Wo sonst ein praller Fluss seine Bahnen zieht, tröpfelt nur noch ein kleines Rinnsal und kämpft tagein tagaus gegen das Austrocknen. Für unsere Angelgewässer bedeutet das leider einen Ausnahmezustand, der durch die, für diese Jahreszeit übliche Braunalgenblüte noch erheblich verschlimmert wird. Eine braune, stinkende Brühe macht den Fischen das Leben zur Hölle. Das Wasser wirkt wie tot und über viele Flusskilometer ist kein Lebenszeichen zu sehen. Die PH-Wertmessung ergibt einen Wert von fast 10 und das spricht eine deutliche Sprache.
Ich habe in den letzten Tagen trotz dieser widrigen Umstände …
viel Zeit am Wasser verbracht. Nicht nur zum Fischen, sondern viel mehr zum Beobachten und Verstehen. Ich frage mich „was passiert da nun genau unter Wasser?“ Der fehlende Niederschlag gepaart mit den dauerhaften und für diese Jahreszeit viel zu warmen Tagestemperaturen hat den Sauerstoffgehalt des Wasser stark vermindert. Die Braunalgenblüte ist ebenfalls ein Sauerstofffresser und mir wird sehr schnell klar, die Fische bekommen keine Luft. Sie leiden unter Atemnot. Am schlimmsten ist das sicherlich dort, wo die meisten Braunalgen sind, nämlich in Grundnähe.

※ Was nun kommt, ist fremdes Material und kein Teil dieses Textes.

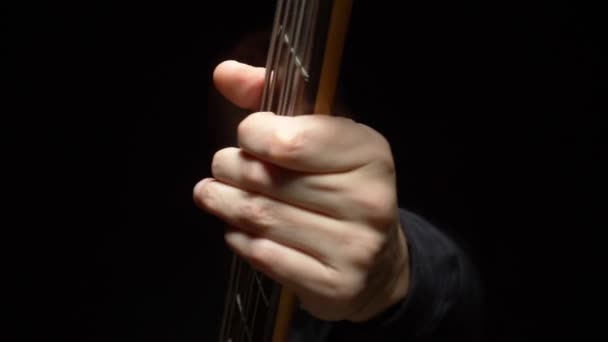 Tastiera di chitarra elettrica primo piano su sfondo nero . — Video Stock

Wenn meine Vermutung stimmt, sollten in extrem flachen und zugleich schnell fließenden Flussabschnitten die zur Zeit besten Lebensbedingungen herrschen. Ich habe genau solch eine Stelle aufgesucht und ich traue meinen Augen nicht. Ringe an der Wasseroberfläche immer und immer wieder. Sie sind hier. Ich setzte mich einfach ins Gras und schaue dem Treiben zu. Ständig zeigen sich Ringe und auf einmal gibt es schräg hinter mir einen lauten Schwall. Meine Blicke kommen zu spät und ich kann nur noch sehen, wie eine große Welle langsam verebbt. Es dauert nicht lange und eine stattliche Bachforelle schnappt sich eine auf der Wasseroberfläche treibende Eintagsfliege und beschert sich somit eine leckere Mahlzeit.
Die Forelle benötigt sauerstoffreiches Wasser und wenn dieser Fisch hier auch noch genüsslich die Fliegen von der Oberfläche pflückt, dann fressen hier garantiert auch andere Fische und ganz sicher auch der Silure !!!???
Somit habe ich einen Plan …
und dieser sollte direkt am darauffolgenden Tag umgesetzt werden. Es bedarf keiner großen Überredungskünste um meinen Clanbruder Patrick davon zu überzeugen, dass wir genau an dieser Stelle fischen müssen und wir verabreden uns für den nächsten Tag. Das Gute ist, dass die von mir anvisierte Stelle nur mit dem Boot zu erreichen ist und aus diesem Grund herrscht hier nahezu kein Befischungsdruck. Besser kann es eigentlich nicht sein.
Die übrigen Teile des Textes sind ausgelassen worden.